(Problem details):
Provide an exact reproduction of every entry.

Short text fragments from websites
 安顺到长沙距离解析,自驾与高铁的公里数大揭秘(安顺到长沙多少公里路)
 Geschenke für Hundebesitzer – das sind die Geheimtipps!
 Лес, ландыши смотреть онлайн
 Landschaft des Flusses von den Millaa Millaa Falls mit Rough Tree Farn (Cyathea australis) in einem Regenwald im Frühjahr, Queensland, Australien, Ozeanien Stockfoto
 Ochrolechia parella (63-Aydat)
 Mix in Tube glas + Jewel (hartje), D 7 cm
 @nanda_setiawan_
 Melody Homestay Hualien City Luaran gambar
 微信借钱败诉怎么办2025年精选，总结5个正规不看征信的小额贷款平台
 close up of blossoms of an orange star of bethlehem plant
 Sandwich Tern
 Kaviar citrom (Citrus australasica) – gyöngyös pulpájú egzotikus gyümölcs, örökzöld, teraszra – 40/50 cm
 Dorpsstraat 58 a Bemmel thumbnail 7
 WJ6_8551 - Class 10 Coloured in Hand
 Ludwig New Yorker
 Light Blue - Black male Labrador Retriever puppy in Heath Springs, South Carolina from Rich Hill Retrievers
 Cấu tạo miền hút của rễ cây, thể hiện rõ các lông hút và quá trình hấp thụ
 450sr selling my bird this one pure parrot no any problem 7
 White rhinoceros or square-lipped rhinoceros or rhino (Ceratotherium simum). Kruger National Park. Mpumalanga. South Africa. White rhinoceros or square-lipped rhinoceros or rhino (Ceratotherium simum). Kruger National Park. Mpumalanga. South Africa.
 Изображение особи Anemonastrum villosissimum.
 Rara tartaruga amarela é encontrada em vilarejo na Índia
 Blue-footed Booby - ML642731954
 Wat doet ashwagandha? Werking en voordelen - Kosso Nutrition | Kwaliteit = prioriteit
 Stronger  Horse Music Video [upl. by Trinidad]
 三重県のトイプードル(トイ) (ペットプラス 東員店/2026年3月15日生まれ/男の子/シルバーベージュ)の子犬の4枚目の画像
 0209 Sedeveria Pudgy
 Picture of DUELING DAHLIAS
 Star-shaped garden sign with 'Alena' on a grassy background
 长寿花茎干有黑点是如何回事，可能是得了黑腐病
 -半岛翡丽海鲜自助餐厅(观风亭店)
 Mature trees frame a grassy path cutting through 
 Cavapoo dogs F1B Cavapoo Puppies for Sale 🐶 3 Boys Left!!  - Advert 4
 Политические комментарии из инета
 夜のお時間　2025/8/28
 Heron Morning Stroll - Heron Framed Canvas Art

(Response box):
 安顺到长沙距离解析,自驾与高铁的公里数大揭秘(安顺到长沙多少公里路)
 Geschenke für Hundebesitzer – das sind die Geheimtipps!
 Лес, ландыши смотреть онлайн
 Landschaft des Flusses von den Millaa Millaa Falls mit Rough Tree Farn (Cyathea australis) in einem Regenwald im Frühjahr, Queensland, Australien, Ozeanien Stockfoto
 Ochrolechia parella (63-Aydat)
 Mix in Tube glas + Jewel (hartje), D 7 cm
 @nanda_setiawan_
 Melody Homestay Hualien City Luaran gambar
 微信借钱败诉怎么办2025年精选，总结5个正规不看征信的小额贷款平台
 close up of blossoms of an orange star of bethlehem plant
 Sandwich Tern
 Kaviar citrom (Citrus australasica) – gyöngyös pulpájú egzotikus gyümölcs, örökzöld, teraszra – 40/50 cm
 Dorpsstraat 58 a Bemmel thumbnail 7
 WJ6_8551 - Class 10 Coloured in Hand
 Ludwig New Yorker
 Light Blue - Black male Labrador Retriever puppy in Heath Springs, South Carolina from Rich Hill Retrievers
 Cấu tạo miền hút của rễ cây, thể hiện rõ các lông hút và quá trình hấp thụ
 450sr selling my bird this one pure parrot no any problem 7
 White rhinoceros or square-lipped rhinoceros or rhino (Ceratotherium simum). Kruger National Park. Mpumalanga. South Africa. White rhinoceros or square-lipped rhinoceros or rhino (Ceratotherium simum). Kruger National Park. Mpumalanga. South Africa.
 Изображение особи Anemonastrum villosissimum.
 Rara tartaruga amarela é encontrada em vilarejo na Índia
 Blue-footed Booby - ML642731954
 Wat doet ashwagandha? Werking en voordelen - Kosso Nutrition | Kwaliteit = prioriteit
 Stronger  Horse Music Video [upl. by Trinidad]
 三重県のトイプードル(トイ) (ペットプラス 東員店/2026年3月15日生まれ/男の子/シルバーベージュ)の子犬の4枚目の画像
 0209 Sedeveria Pudgy
 Picture of DUELING DAHLIAS
 Star-shaped garden sign with 'Alena' on a grassy background
 长寿花茎干有黑点是如何回事，可能是得了黑腐病
 -半岛翡丽海鲜自助餐厅(观风亭店)
 Mature trees frame a grassy path cutting through 
 Cavapoo dogs F1B Cavapoo Puppies for Sale 🐶 3 Boys Left!!  - Advert 4
 Политические комментарии из инета
 夜のお時間　2025/8/28
 Heron Morning Stroll - Heron Framed Canvas Art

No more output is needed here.